Paper
Saturday, July 14, 2007
This presentation is part of : Issues in Women's Healthcare
Self-Diagnosis of Vaginal Infections by Active Duty U.S. Military Women
Nancy A. Ryan-Wenger, RN, PhD, CPNP, College of Nursing, The Ohio State University, Columbus, OH, USA and Nancy K. Lowe, RN, CNM, PhD, School of Nursing, Oregon Health & Science University, Portland, OR, USA.
Learning Objective #1: Describe the need for self-diagnosis tools for women in the military, those who travel or work in other austere environments.
Learning Objective #2: List the components of a self-diagnosis algorithm for vaginal symptoms.

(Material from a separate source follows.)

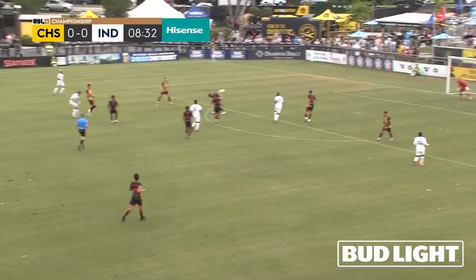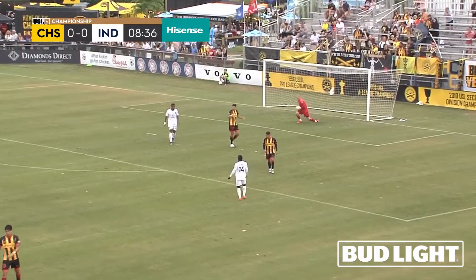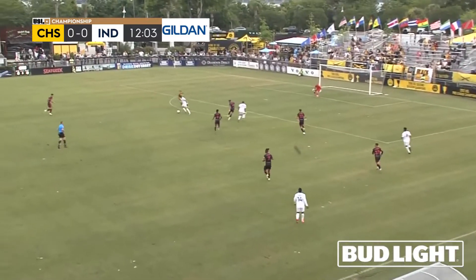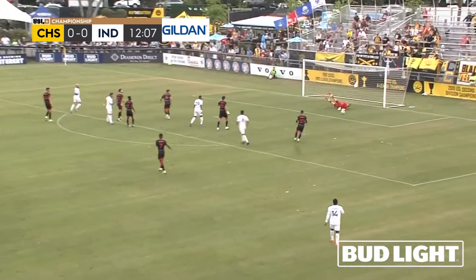Aguilera to Artiaga, tees it up — and the first save that Dan Kazemka had to make. Great ball there from Asante on the Charleston Battery side. Artiaga's shot, saved by Kazemka.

Military women are particularly vulnerable to vulvovaginal pain, itching, burning, and vaginal discharge during deployment.  Our goal is to develop a field-expedient self-diagnosis/self-treatment kit for bacterial vaginosis (BV), trichomoniasis vaginalis (TV), or candida vaginalis (CV).  This report focuses on the accuracy of women’s self-diagnosis of vaginal symptoms using an investigator developed kit (Women in Military Self-Diagnosis (WMSD)) compared to a DNA Probe analysis of vaginal secretions. The innovativeness of the diagnostic kit is the combination of readily available products with step-by-step instructions and a decision-making algorithm that leads to a self-diagnosis. The criterion is eventual accurate treatment with metronidazole or fluconazole, or no treatment. This study used a clinical comparative and descriptive design. The sample was 715 active duty U.S. military women (44% Army, 52.7% Navy, and 3.5% Other Branches), 546 of whom presented for healthcare with vaginal symptoms.  Participants were 38.5% Black, 33.8% White, 18.2% Hispanic or Latino; 41.6% married/cohabiting and 38.1% single; 18 to 54 years (X = 26). The majority was senior (66.4%) or young (25.7%) enlisted personnel. The WMSD had a positive predictive value (PPV) of 63% and negative predictive value (NPV) of 50.1% for BV/TV; a PPV of 37.5% and NPV of 78.1% for CV.  Overall, 211 (41.9%) of the women would have self-treated in the same way as indicated by the DNA Probe result for BV/TV, and/or CV; 56 (11.1%) women would have partially self-treated in the correct way due to mixed infections; 152 (30.2%) would have taken the wrong medication (commission error); 84 (16.7%) would not have taken an indicated medication (omission error). Analysis of the potential commission errors provides direction for revision and refinement of the WMSD. This kit has the potential to significantly improve the self-care of military women and women world-wide who travel extensively and/or live in other austere environments.